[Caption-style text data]
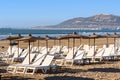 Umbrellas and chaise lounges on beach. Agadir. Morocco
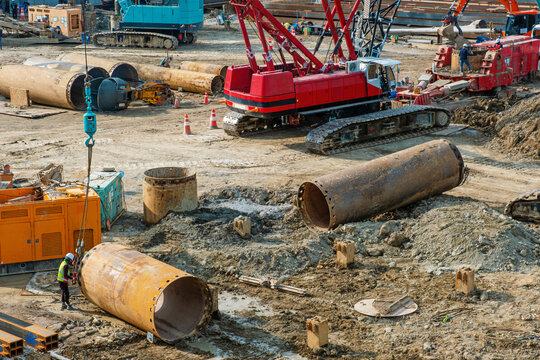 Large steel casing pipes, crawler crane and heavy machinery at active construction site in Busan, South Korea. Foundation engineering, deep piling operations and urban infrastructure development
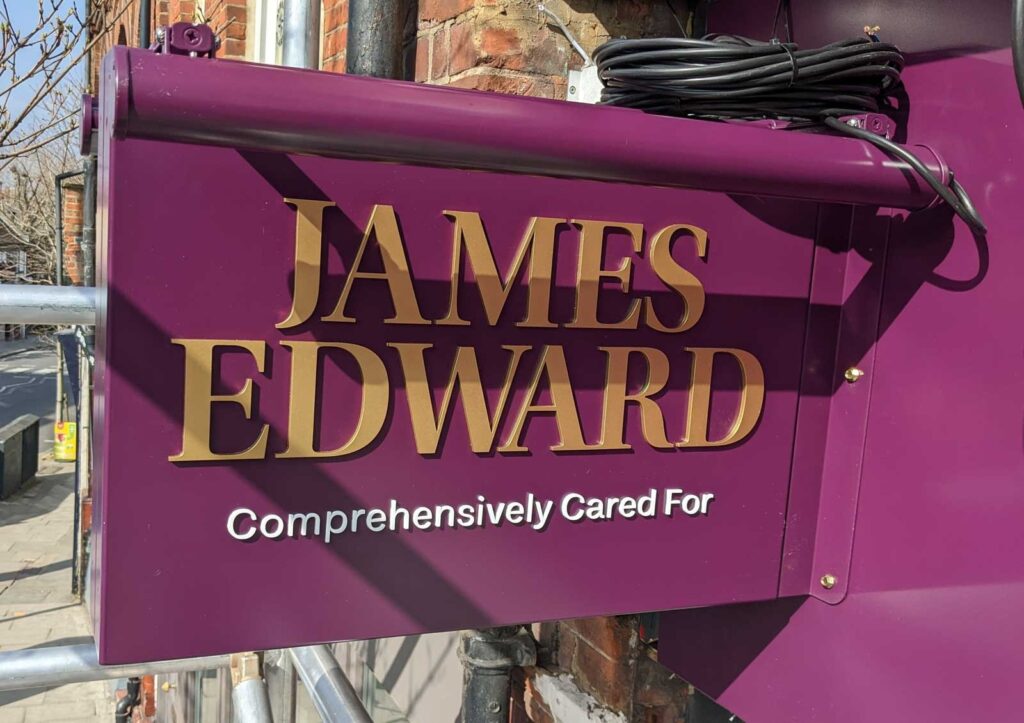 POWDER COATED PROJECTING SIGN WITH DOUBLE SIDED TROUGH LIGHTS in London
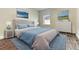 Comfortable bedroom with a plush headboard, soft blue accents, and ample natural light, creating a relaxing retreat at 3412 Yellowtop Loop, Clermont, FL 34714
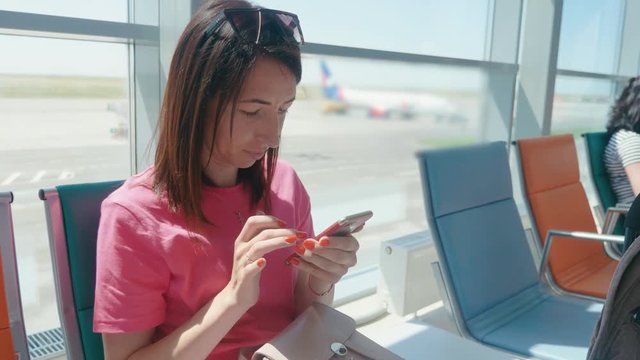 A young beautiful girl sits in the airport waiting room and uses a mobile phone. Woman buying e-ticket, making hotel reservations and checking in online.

● WHAT YOU SHOULD DO: Give back, word for word, the lines from the line that contains "POWDER COATED PROJECTING" through the last line of the records, with no pictures and nothing else.

● COMPLETED TASK:
 POWDER COATED PROJECTING SIGN WITH DOUBLE SIDED TROUGH LIGHTS in London
 Comfortable bedroom with a plush headboard, soft blue accents, and ample natural light, creating a relaxing retreat at 3412 Yellowtop Loop, Clermont, FL 34714
 A young beautiful girl sits in the airport waiting room and uses a mobile phone. Woman buying e-ticket, making hotel reservations and checking in online.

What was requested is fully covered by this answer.